Exact copy, no pictures: restate each entry below word for word.
______________________________
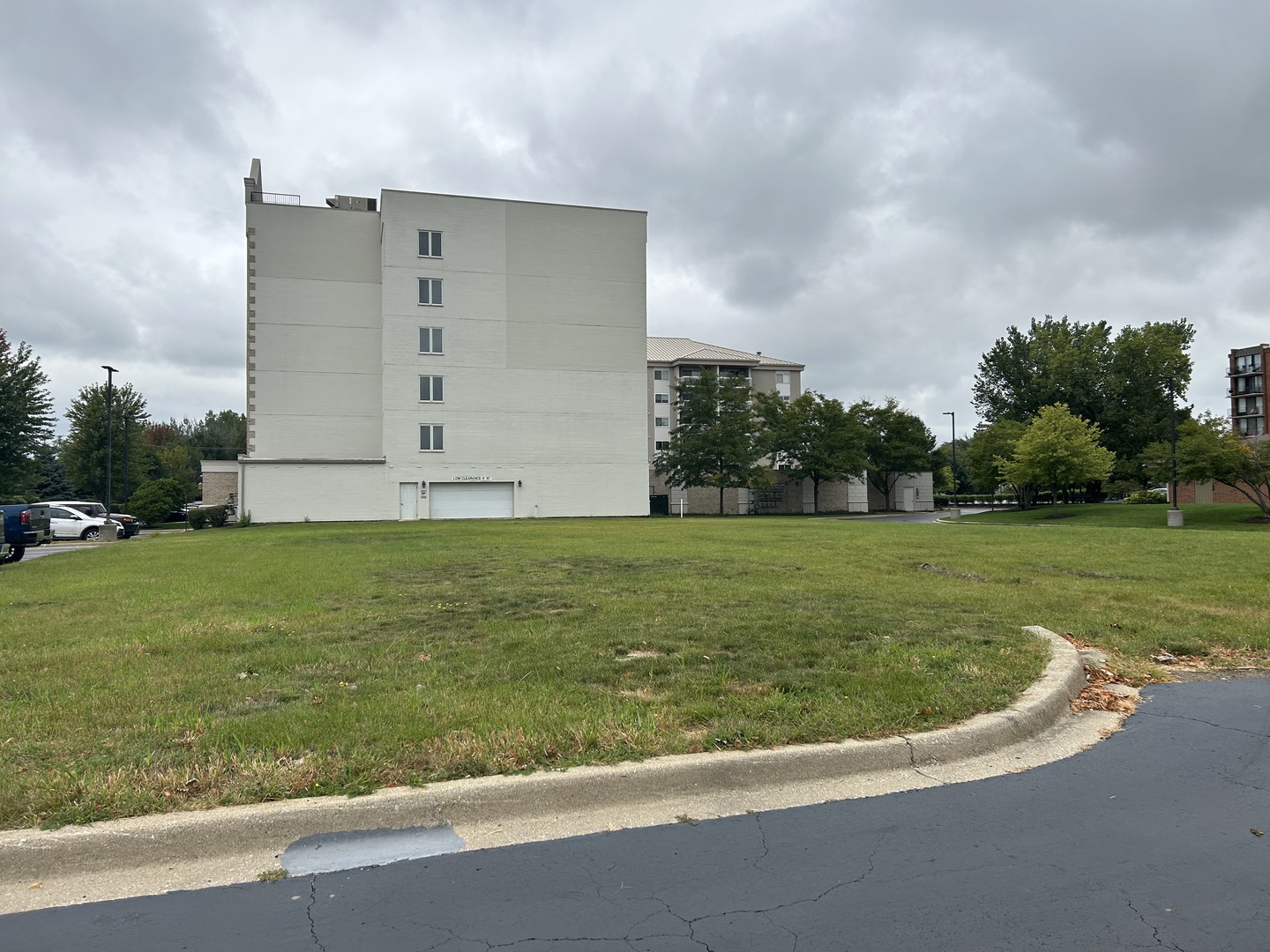 2030 Saint Regis Drive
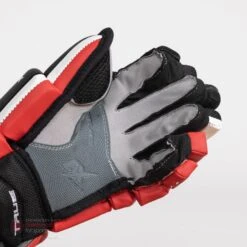TRUE XC7 Junior Hockey Gloves -Skate Shop true gloves true xc7 junior hockey gloves 28534941089858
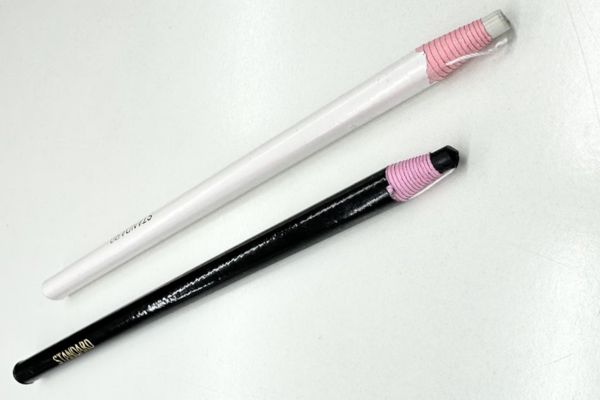 Карандаш БЕЛЫЙ портновский для раскроя ткани самозатачивающийся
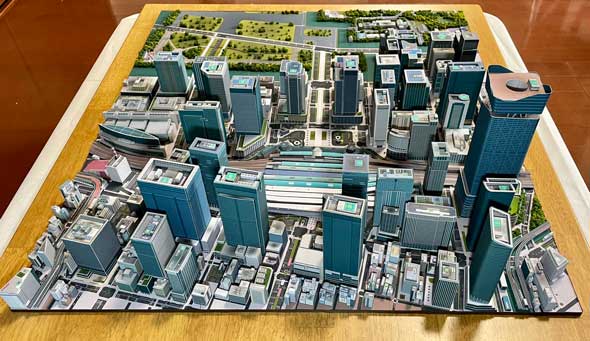 会社員 紙 2030 東京 丸の内 都市 模型 ペーパークラフト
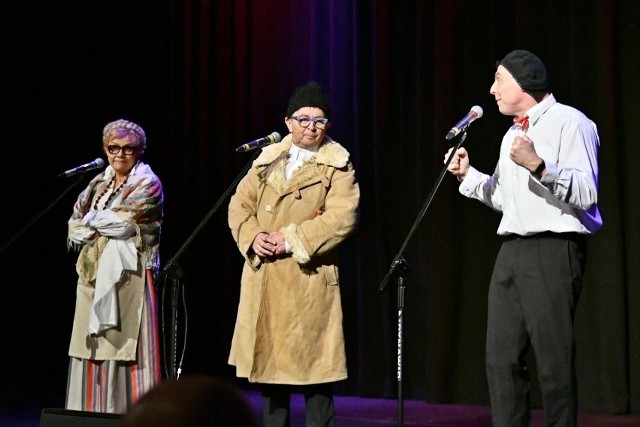 Podczas plenerowego pikniku rodzinnego w Muzeum Wsi Radomskiej wystąpi znany kabaret Pod Wyrwigroszem.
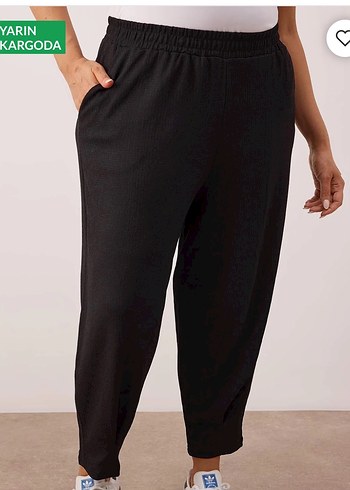 TRENDYOL CURVE Kadın Siyah Rahat Havuç kesim pantolon - Görsel 2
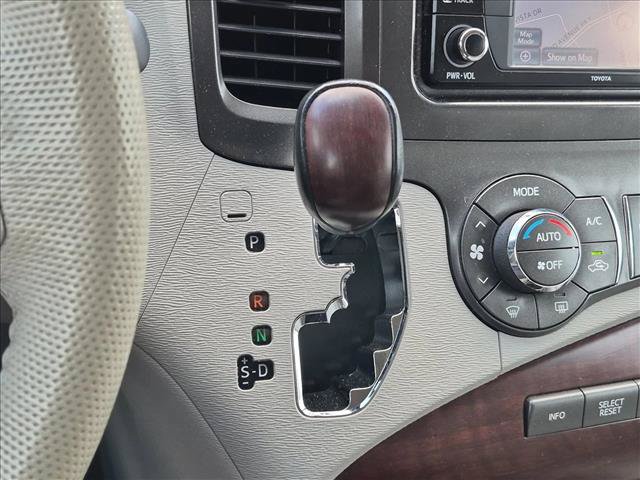 Used 2014 Toyota Sienna XLE FWD image 11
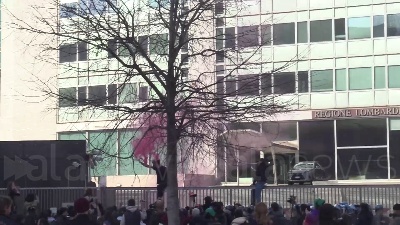 Scene from Clima, il corteo 'Fridays for future' si trasforma in un sit-in davanti al Pirellone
______________________________
> Exercise solution:
 2030 Saint Regis Drive
TRUE XC7 Junior Hockey Gloves -Skate Shop true gloves true xc7 junior hockey gloves 28534941089858
 Карандаш БЕЛЫЙ портновский для раскроя ткани самозатачивающийся
 会社員 紙 2030 東京 丸の内 都市 模型 ペーパークラフト
 Podczas plenerowego pikniku rodzinnego w Muzeum Wsi Radomskiej wystąpi znany kabaret Pod Wyrwigroszem.
 TRENDYOL CURVE Kadın Siyah Rahat Havuç kesim pantolon - Görsel 2
 Used 2014 Toyota Sienna XLE FWD image 11
 Scene from Clima, il corteo 'Fridays for future' si trasforma in un sit-in davanti al Pirellone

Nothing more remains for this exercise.